**WHAT YOU SHOULD DO**
Only an exact copy of the lines from the one containing "WESTINGHOUSE 3D17295G01" through the last line of the material below belongs in the answer, with no pictures.

** EXTRACTED MATERIAL follows **

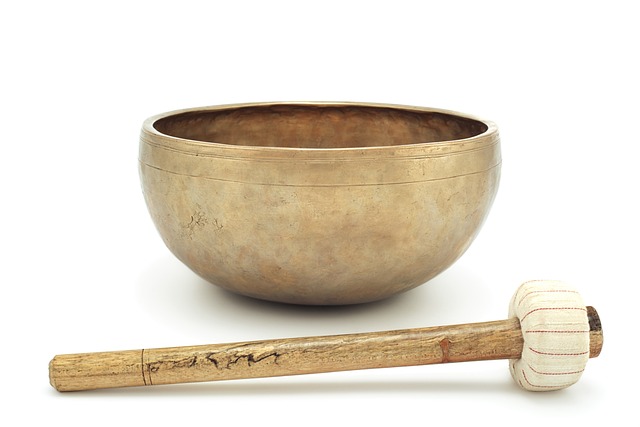 singing-bowl-4749805_640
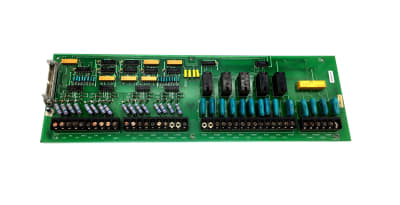 WESTINGHOUSE 3D17295G01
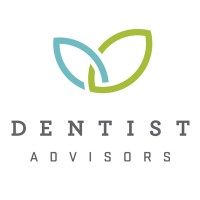 Dentist Advisors Logo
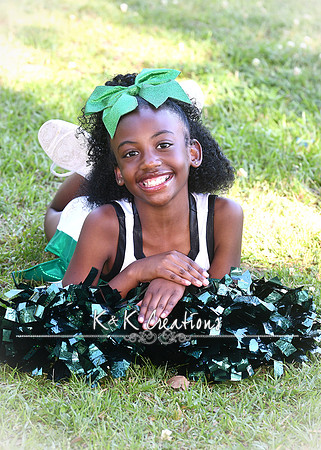 NYLA JONES_5990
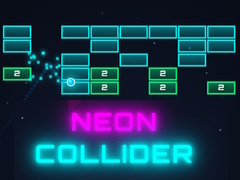 Spil Neon Collider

** End of EXTRACTED MATERIAL **

**ANSWER BOX**
 WESTINGHOUSE 3D17295G01
 Dentist Advisors Logo
 NYLA JONES_5990
 Spil Neon Collider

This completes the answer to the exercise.